127 Hours




127 Hours è probabilmente uno dei film più intensi di Danny Boyle. Il ragazzaccio inglese non delude mai. E stavolta coinvolge con un'opera tipicamente boyliana nelle forme, ma che sorprende perché si tratta di una storia vera.
127 Hours è l'adattamento del libro Between a Rock and a Hard Place di Aron Ralston.
Aron Ralston è un ingegnere meccanico ed è anche uno scalatore. Come si dice in questi casi, un esperto scalatore. È giunto alla ribalta della cronaca nel 2003 quando, a ventotto anni, nel bel mezzo di un'esplorazione solitaria e abituale del Blue John Canyon, nello Utah, Ralston è scivolato in una gola e una pietra gli ha bloccato il braccio destro. Dopo cinque giorni di agonia, ormai disidratato e affamato e dopo averle provate tutte, Ralston decide di amputarsi il braccio per salvarsi.

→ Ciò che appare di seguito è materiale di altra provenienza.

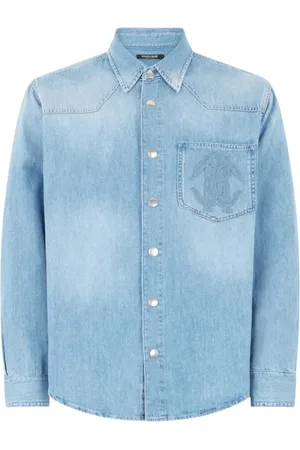 Roberto Cavalli Overhemden, Heren, Blauw, M, Denim, Slang Monogram Denim Overhemd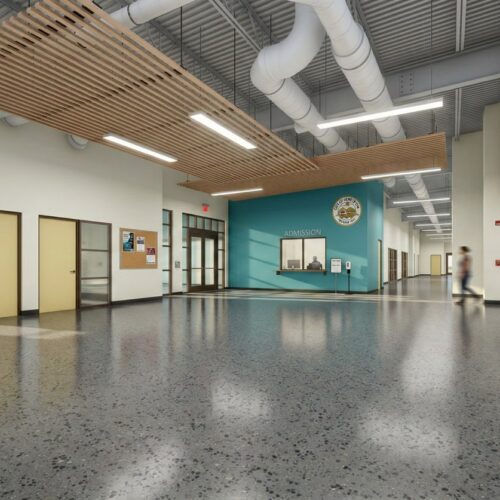 Clear span indoor gym rendering for a fitness center.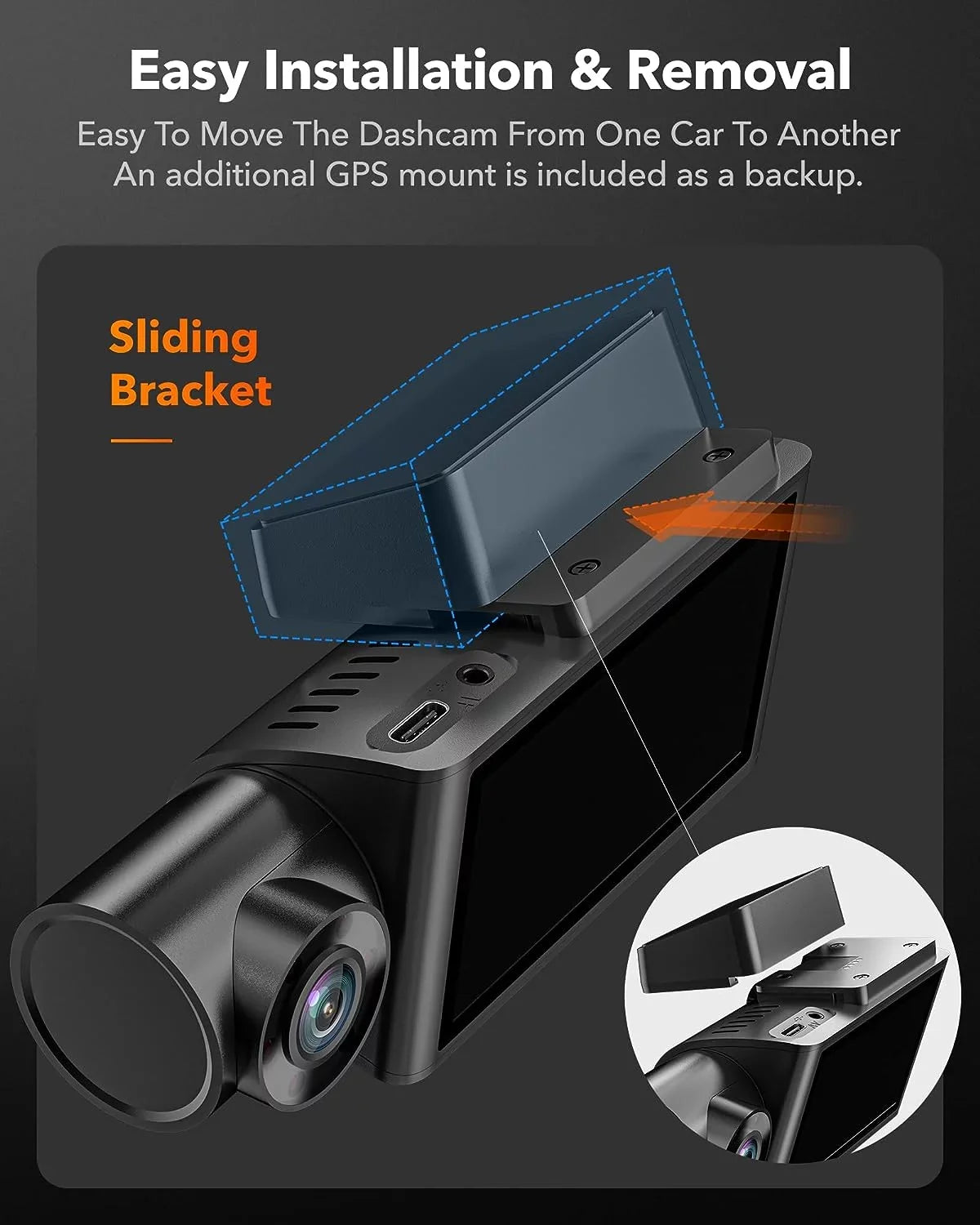 4K G-Sensor, WOLFBOX 3 Parking Vision, with Dash Loop WiFi&GPS, Channel, 3" Rear Monitor 24H Front and Recording, DashCam LCD IR Night Cam Super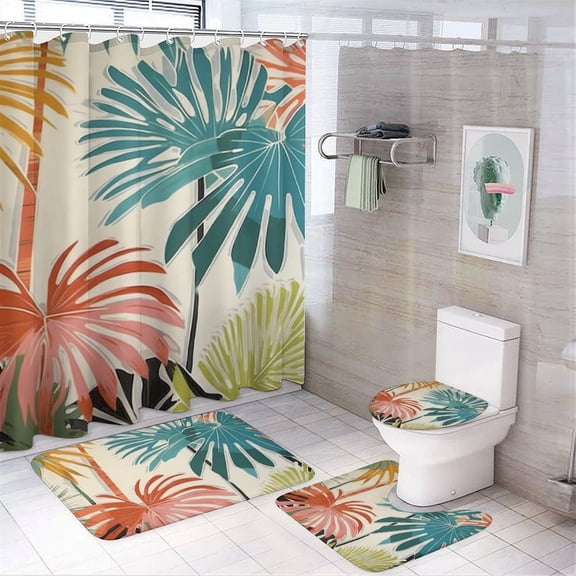 Chilfamy 4PCS Palm Trees Tropical Colorful Waterproof Shower Curtain Sets with Hooks,Bathroom Sets with Non-Slip Rugs,Toilet Lid Cover and Bath Mat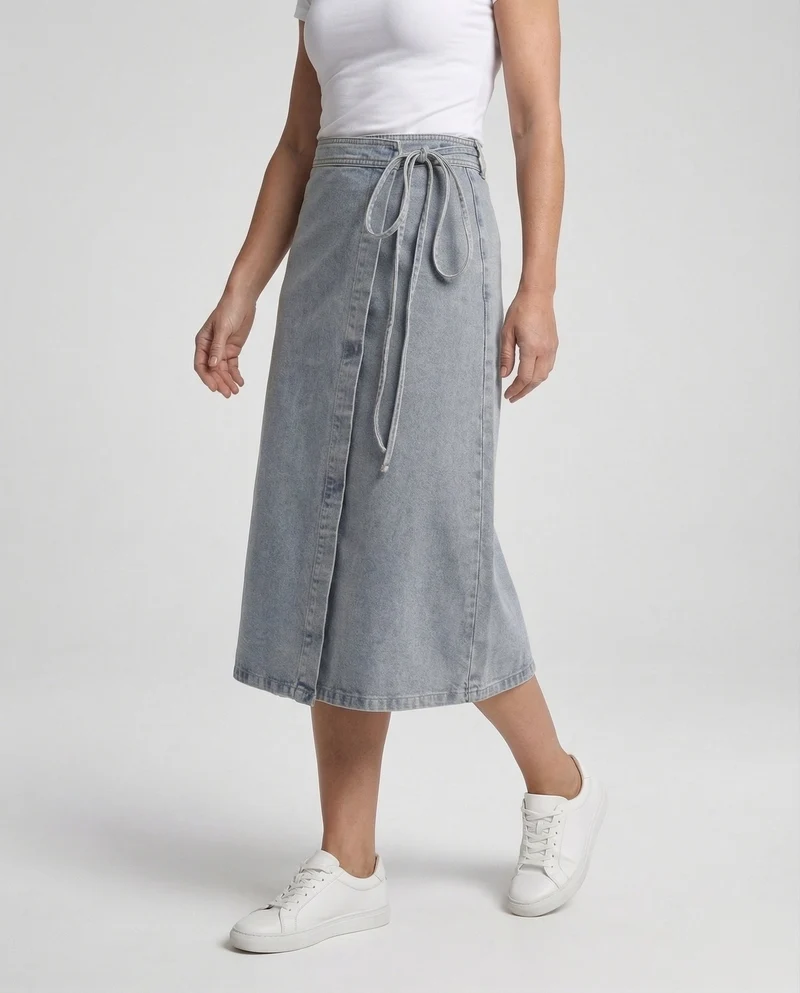 Jeans Wickelrock Damen Hoher Bund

Ebbene. Boyle realizza un film al cardiopalma, sconvolgente, trascinante come solo lui sa fare. E lo fa girando la maggior parte del film in un posto angusto e con un solo attore, un immenso (e immenso è dire poco) James Franco.
Boyle pone subito i termini della questione: la solitudine della natura vs il caos della città. La solitudine ricercata, ardentemente voluta da Ralston vs la poltiglia umana ammassata nelle metropoli. La contrapposizione viene ben messa in evidenza nella prima sequenza del film, quando Ralston/Franco, alle prime luci dell'alba di venerdì, si sbriga a sparire dalla città per recarsi nel Canyon. Boyle mostra il passaggio attraverso uno split screen molto efficace: lo schermo è diviso in tre e nei tre riquadri si alterna il primissimo piano di Franco alle caotiche scene delle strade cittadine. La visione viene volutamente sballottata da una parte e dall'altra, complici anche una serie di improvvisi ralenti e di scene rese più veloci del normale. Quando Ralston raggiunge lo sterminato Canyon, l'inquadratura si ricompone ed è a questo punto che Boyle si diletta con una serie di panoramiche gigantesche e di campi lunghissimi. A volte lo schermo si divide ancora, ma solo per mostrare al meglio le smisurate caratteristiche della natura. Boyle indugia sul colore della terra del Canyon, sull'azzurro netto del cielo e sull'altrettanto netto bianco delle nuvole. Per non parlare degli specchi d'acqua, verdi, limpidi. Per Ralston è un vero e proprio paradiso.

E poi avviene l'inaspettato. In mezzo alla natura più sconfinata una stretta gola e una misera roccia sono lì a definire il destino di un ragazzo di ventotto anni.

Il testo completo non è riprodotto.